Democratic Mayor or Republican Mayor? The county mayor's race is nonpartisan -- on the surface
BY BRETT SOKOL
brett.sokol@miaminewtimes.com
Have you heard about John Kerry's secret connections to Fidel Castro? How about the hidden financial links between Teresa Heinz Kerry and the Cuban government? No? Derek Newton rolls his eyes, and with a laugh plunges his hand into the six-inch-deep sea of paperwork that covers his entire desk. As political war rooms go, Newton -- campaign manager for county mayoral aspirant Jimmy Morales -- certainly has the chaos part down. "The top layer is the most important," he quips, still fishing through the papers until -- voilà!-- he pulls out the latest issue of the Little Havana periodiquito Spotlight Internacional, which details all manner of communist perfidy emanating from the Democratic Party.
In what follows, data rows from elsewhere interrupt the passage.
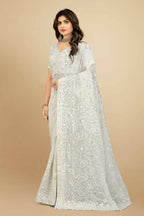 Vamsee White Georgette Designer Saree | Grocsy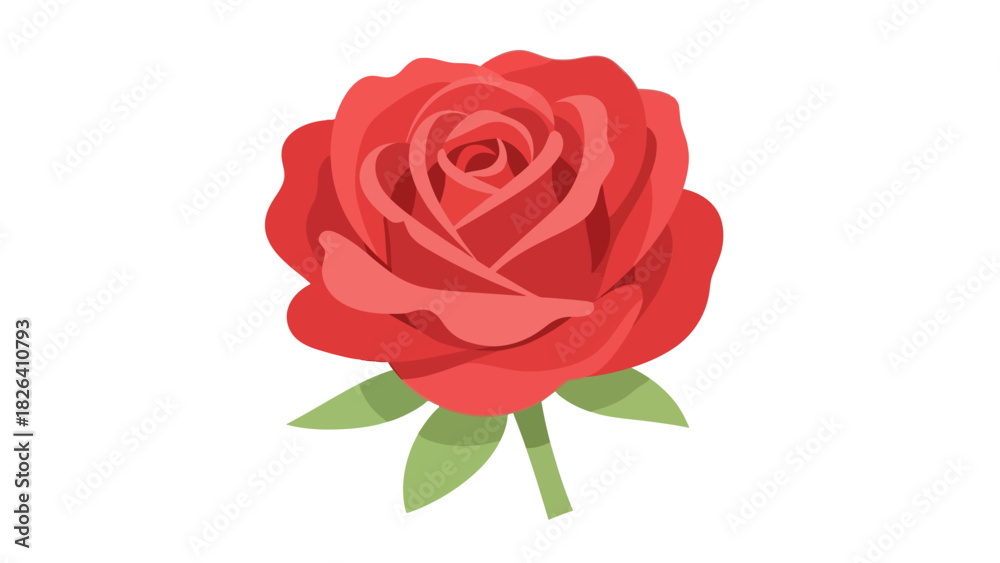 Fototapeta premium A stylized red rose with green leaves and stem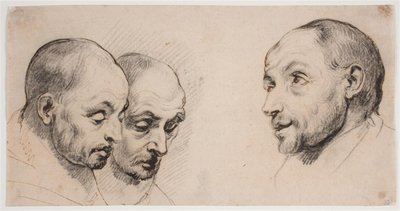 Tre manliga huvuden av Ubekendt kopist efter Anthony van Dyck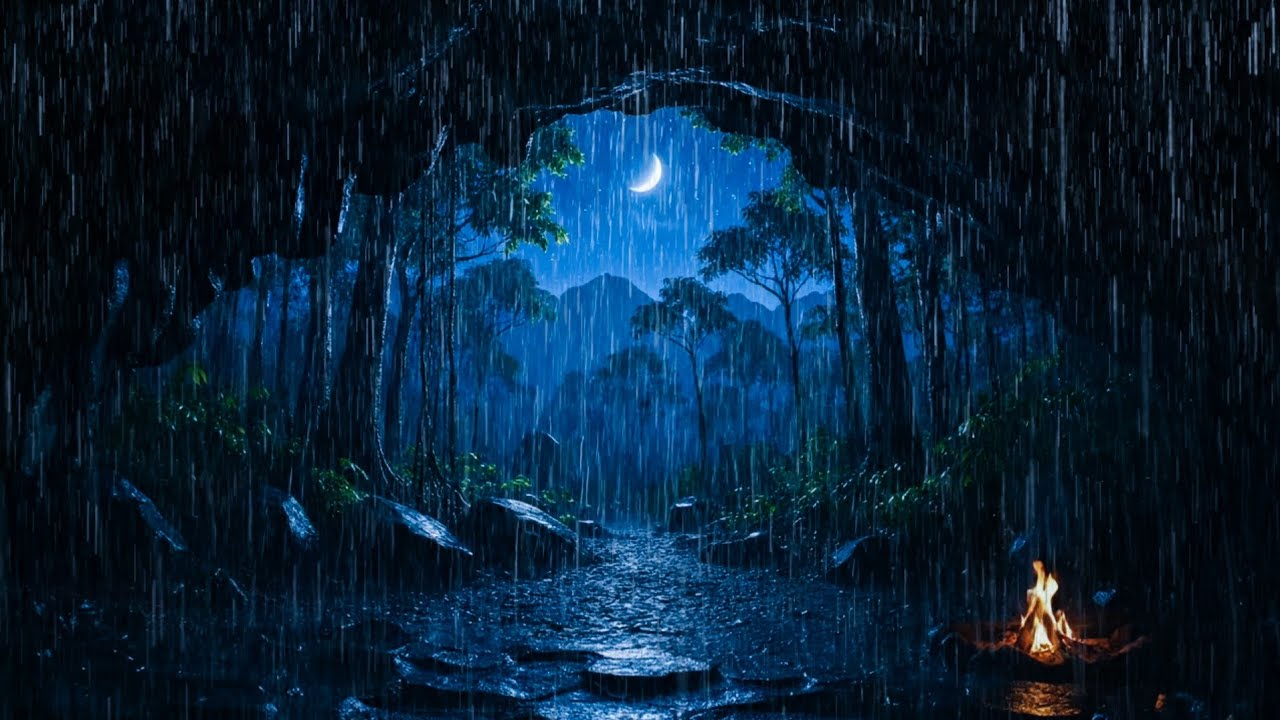 Calming Night Rain in the Forest 🌧️ Warm Cabin Sounds for Total Comfort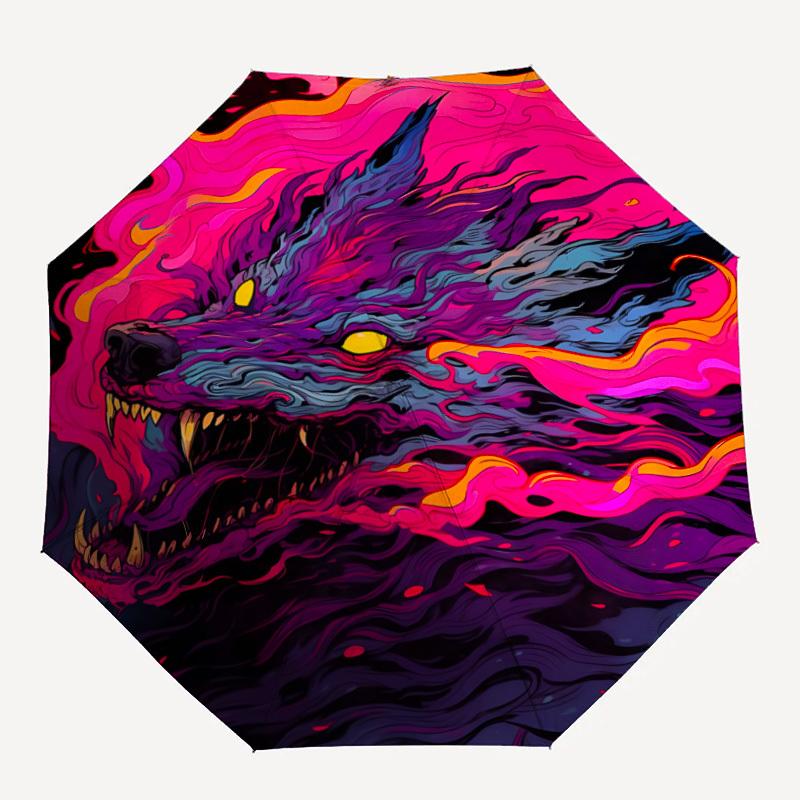 1pc Psychedelic Wolf Lava Art Automatic Windproof Umbrella - 8-Rib Portable Folding Black Iron Frame for Outdoor, Beach, Travel, Beach Umbrella115
1pc Psychedelic Wolf Lava Art Automatic Windproof Umbrella - 8-Rib Portable Folding Black Iron Frame for Outdoor, Beach, Travel, Beach Umbrella115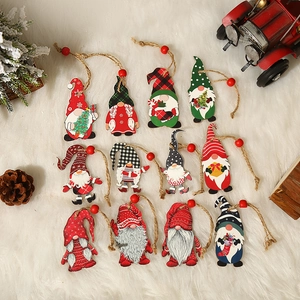 Christmas Wood Gnome Ornaments Nordic Faceless Elf Painted Wooden Hanging Decorations For Xmas Tree Home Party Festive Decor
Ridiculous? Sure. But in a town where even the most bizarre rumor of a Castro association quickly jumps like a virus from the coffeeshop counter to the Spanish-language talk-radio airwaves, this summer's county mayoral hopefuls are taking every accusation seriously. Cuban-exile voters remain Miami's electoral kingmakers, and with more than 80 percent of el exilio's votes going to George W. Bush in 2000, staying on the right side of that equation -- literally and figuratively -- is crucial to victory.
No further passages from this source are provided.